- Coordinates: 45°25′N 71°54′W﻿ / ﻿45.417°N 71.900°W
- Country: Canada
- Province: Quebec
- Region: Estrie
- Effective: January 1982
- Dissolved: December 31, 2001
- County seat: Sherbrooke

Government
- • Type: Prefecture

Area
- • Total: 429 km^{2} (166 sq mi)
- • Land: 423.57 km^{2} (163.54 sq mi)

Population (2001)
- • Total: 141,212
- • Density: 333.4/km^{2} (864/sq mi)
- • Change (1996–2001): ▲2.8%
- • Dwellings: 66,818
- Time zone: UTC−5 (EST)
- • Summer (DST): UTC−4 (EDT)
- Area code: 819

= La Région-Sherbrookoise Regional County Municipality =

La Région-Sherbrookoise was a former regional county municipality in the Canadian province of Quebec. Prior to September 12, 1998 it was known as Sherbrooke Regional County Municipality.

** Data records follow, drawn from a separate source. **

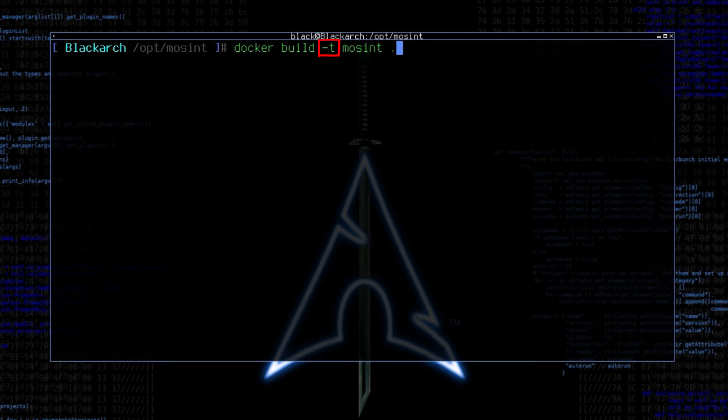Tags are used to identify different versions or variants of an image. If no tag is specified, Docker will default to using the latest tag. And as mentioned, MoSint is the name tag of the image being built.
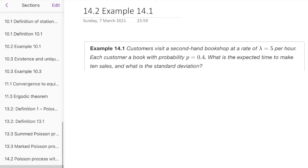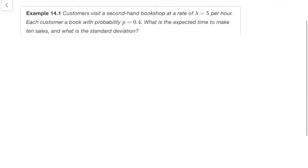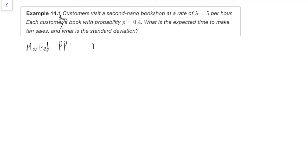Let's see how thinking in terms of exponential holding times can actually help us solve problems that we couldn't do with the old Poisson definition. Here's an example: customers visit a second-hand bookshop at a rate of lambda equals 5 customers per hour. Each customer buys a book with probability 0.4. What's the expected time to make 10 sales, and what's the standard deviation? The first thing to note is that this is one of these marked Poisson processes from the last section, and so it itself is a Poisson process with rate p*lambda, which is 0.4 times 5 equals 2.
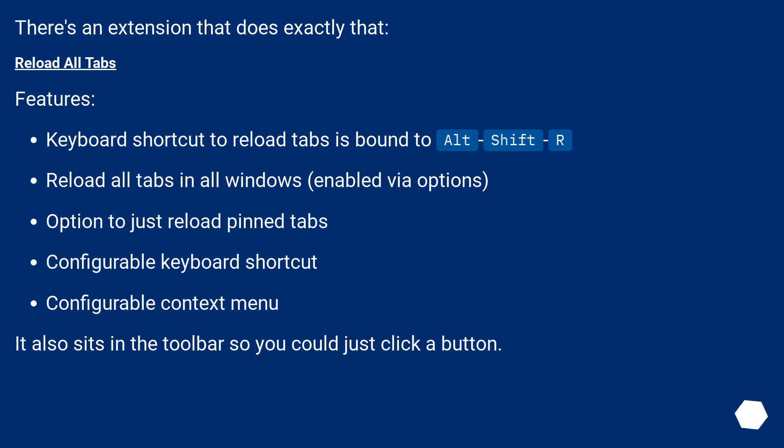There's an extension that does exactly that: Reload All Tabs. Features include a keyboard shortcut to reload tabs that is bound to Alt Shift R.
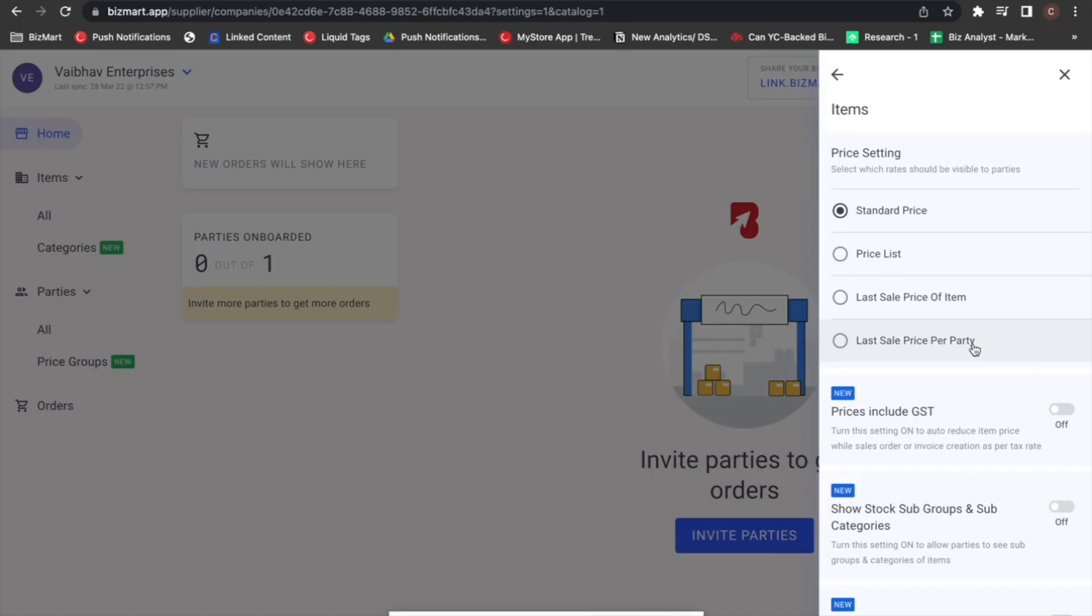Let's say that you sold item A to party 1 at 100 rupees and the same item to party 2 at 120 rupees.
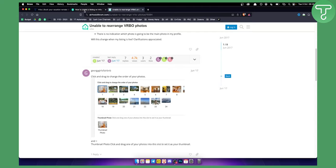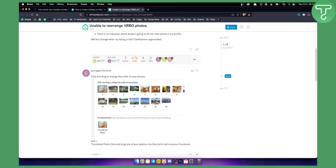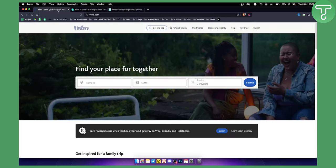To recap: go to Edit Property, then Photos, where you can upload and rearrange photos. Keep in mind that VRBO has specific photo size requirements, so make sure to upload photos in the correct sizes for proper display and arrangement.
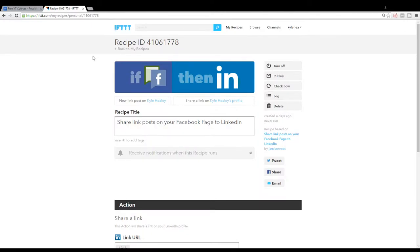It's recipe ID 41061778. If you can't find it that way, just type in share link posts on your Facebook page to LinkedIn.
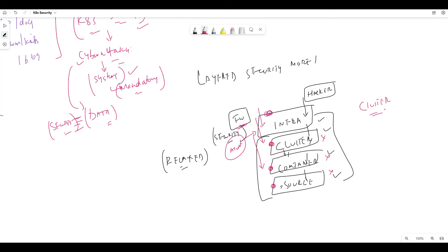If someone can control the cluster, they could gain full control. So you need to make sure that the host system is secure as well — whatever the host machine is running must be secured.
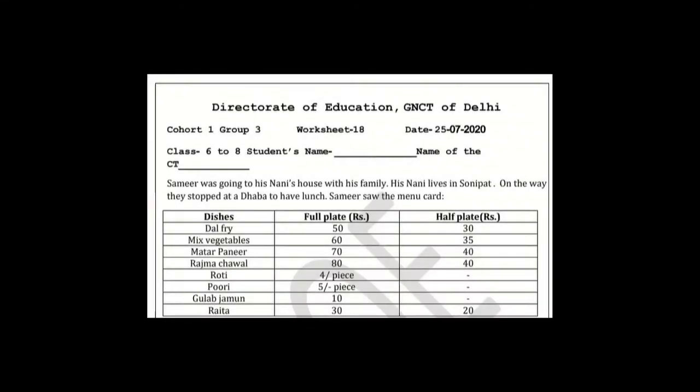Welcome students. In today's video we are watching worksheet number 18, class 6 to 8, cohort 1, group 3, which has been given a question for maths. Let's read the question.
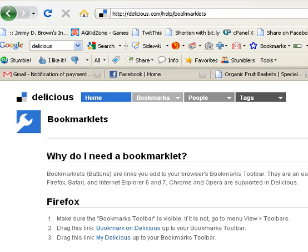Hi, this is Jackie Lee from InternetMarketingForMommies.com, where we make internet marketing easy enough for everyone to take action. I've had some questions about bookmarking lately, and so I thought I'd do a quick tutorial on how to get the delicious bookmarklet into your browser so you can use it.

It ceased to exist when most of it amalgamated into the expanded city of Sherbrooke on January 1, 2002.

==Subdivisions==
La Région-Sherbrookoise RCM consisted of:

- the Municipality of Ascot
- the City of Bromptonville
- the Municipality of Deauville
- the City of Fleurimont
- the City of Lennoxville
- the City of Rock Forest
- the Municipality of Saint-Élie-d'Orford
- the City of Sherbrooke
- the City of Waterville

==History==
The City of Bromptonville and the Township of Brompton joined Sherbrooke Regional County Municipality on June 12, 1996. Until then, both had been parts of Le Val-Saint-François Regional County Municipality. They merged to form the new City of Bromptonville on December 30, 1998. Bromptonville merged into the new City of Sherbrooke on January 1, 2002 and became the borough of Brompton, but part of the former city was annexed to Stoke instead.

==Dissolution==
On January 1, 2002, all of the above except Waterville amalgamated into the newly expanded City of Sherbooke, as part of the 2001–2002 municipal reorganization in Quebec. Waterville remained independent and moved to Coaticook Regional County Municipality.